The analysis conducted by Greszler and Howe compares the investing of payroll taxes for these younger workers privately to what they expect will happen with Social Security in the long run, namely either the drastic reduction projected for 2034 when the Trust Funds are depleted, or immediate legislative action that raises the payroll taxes sufficiently to ward off the insolvency. While the rate-of-return side of the argument is supported by statistics, there remains the fact that Social Security is, by design, more than a retirement system…it is a source of support for survivors, families, and the disabled in addition to retirees.

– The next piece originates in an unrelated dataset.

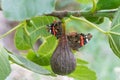 Red admiral butterflies on fig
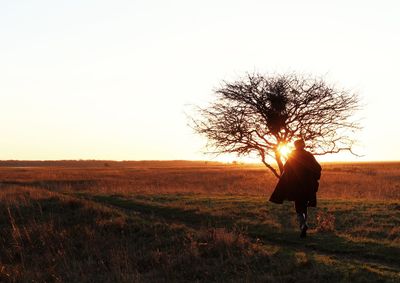 Trees on field against sky at sunset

As a social insurance institution, Social Security is designed to provide a source of security for many Americans and, despite its current funding problems, represents a promise and a commitment to older Americans and those facing disabilities.
There is no question about the crisis facing Social Security in the not-too-distant future, and it is critical that all aspects of the system be examined, including the funding side of the equation. The Association of Mature American Citizens (AMAC) recognizes this, and has long advocated for a solution that will preserve the system for generations to come–its Social Security Guarantee. Recognizing the savings and investment issues cited by Greszler and Howe, AMAC has addressed this portion of the equation by including its Social Security Plus provision in its proposed legislative framework. With this provision in place, younger workers would have access to a supplemental voluntary companion benefit retirement account to provide access to additional funds for all workers at age 62.